[[ Records shown open ]]
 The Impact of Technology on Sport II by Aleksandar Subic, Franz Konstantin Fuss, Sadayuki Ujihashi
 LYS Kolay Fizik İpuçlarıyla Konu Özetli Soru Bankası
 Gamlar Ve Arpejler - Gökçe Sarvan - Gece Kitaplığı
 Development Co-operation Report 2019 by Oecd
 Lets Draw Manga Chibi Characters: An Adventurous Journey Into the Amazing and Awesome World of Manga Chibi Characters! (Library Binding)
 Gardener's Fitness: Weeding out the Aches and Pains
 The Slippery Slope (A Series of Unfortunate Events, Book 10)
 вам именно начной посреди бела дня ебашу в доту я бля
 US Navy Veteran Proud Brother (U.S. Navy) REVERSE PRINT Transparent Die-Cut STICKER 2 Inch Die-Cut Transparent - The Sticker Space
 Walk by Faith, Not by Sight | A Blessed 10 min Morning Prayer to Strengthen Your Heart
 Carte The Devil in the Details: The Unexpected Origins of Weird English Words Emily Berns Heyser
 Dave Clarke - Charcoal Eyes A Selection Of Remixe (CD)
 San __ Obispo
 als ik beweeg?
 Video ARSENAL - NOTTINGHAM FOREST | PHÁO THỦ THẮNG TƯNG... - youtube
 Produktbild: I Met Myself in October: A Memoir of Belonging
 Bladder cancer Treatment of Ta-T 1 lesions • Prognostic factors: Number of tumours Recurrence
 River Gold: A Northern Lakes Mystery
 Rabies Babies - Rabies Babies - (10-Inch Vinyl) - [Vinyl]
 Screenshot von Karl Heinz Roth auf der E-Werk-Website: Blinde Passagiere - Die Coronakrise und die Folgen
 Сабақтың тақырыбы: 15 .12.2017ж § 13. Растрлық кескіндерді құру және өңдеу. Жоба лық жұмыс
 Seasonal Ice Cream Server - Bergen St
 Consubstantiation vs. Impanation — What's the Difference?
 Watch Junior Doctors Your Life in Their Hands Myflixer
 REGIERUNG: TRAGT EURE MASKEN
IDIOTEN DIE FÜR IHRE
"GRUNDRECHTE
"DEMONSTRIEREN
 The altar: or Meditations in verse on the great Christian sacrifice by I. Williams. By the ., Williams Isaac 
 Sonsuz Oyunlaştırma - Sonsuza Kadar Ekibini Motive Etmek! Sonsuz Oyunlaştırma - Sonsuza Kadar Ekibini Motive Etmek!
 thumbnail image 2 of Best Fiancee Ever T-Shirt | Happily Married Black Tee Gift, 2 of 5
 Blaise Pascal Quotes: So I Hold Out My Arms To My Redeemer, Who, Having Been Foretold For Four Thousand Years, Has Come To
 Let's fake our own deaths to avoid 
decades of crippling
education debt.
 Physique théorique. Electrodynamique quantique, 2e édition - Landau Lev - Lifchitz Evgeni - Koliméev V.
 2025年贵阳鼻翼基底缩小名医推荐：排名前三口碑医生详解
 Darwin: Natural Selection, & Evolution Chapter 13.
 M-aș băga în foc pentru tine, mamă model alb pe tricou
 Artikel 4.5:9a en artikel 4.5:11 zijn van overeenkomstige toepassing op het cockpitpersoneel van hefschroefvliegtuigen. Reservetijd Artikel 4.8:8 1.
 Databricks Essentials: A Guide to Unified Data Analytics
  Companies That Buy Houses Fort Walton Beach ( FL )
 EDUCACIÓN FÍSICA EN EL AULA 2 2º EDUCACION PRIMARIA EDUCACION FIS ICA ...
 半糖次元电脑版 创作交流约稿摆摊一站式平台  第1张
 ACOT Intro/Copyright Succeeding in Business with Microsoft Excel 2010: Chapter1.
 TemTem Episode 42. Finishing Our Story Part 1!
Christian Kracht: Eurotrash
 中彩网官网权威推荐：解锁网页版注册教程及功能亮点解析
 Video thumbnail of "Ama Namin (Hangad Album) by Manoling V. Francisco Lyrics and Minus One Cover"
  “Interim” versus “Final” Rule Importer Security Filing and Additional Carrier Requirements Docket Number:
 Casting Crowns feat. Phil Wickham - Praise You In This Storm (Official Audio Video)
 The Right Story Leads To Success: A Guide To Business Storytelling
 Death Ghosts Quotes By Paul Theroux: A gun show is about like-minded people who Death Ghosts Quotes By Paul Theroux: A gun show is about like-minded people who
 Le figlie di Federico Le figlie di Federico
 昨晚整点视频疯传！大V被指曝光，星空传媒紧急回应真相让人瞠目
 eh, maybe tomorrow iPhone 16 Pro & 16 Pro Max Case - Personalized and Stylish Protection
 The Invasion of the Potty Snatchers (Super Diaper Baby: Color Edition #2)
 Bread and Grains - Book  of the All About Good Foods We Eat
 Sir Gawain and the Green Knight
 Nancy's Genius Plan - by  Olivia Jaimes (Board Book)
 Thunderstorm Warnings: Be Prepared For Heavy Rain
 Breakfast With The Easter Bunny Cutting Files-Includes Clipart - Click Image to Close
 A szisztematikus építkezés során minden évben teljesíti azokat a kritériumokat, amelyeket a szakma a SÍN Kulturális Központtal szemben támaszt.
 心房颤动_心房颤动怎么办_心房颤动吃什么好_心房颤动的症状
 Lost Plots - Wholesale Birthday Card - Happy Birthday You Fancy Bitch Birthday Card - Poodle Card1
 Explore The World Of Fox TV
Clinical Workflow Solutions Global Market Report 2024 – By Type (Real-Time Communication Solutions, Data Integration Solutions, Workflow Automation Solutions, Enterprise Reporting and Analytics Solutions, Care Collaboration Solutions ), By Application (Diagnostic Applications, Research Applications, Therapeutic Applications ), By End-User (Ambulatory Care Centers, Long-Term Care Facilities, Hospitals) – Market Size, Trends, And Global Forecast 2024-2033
[[ Records shown closed ]]
--- What this task involves ---
Only a number is expected here: how many lines of the records above contain "Business".

--- Reply to the task ---
2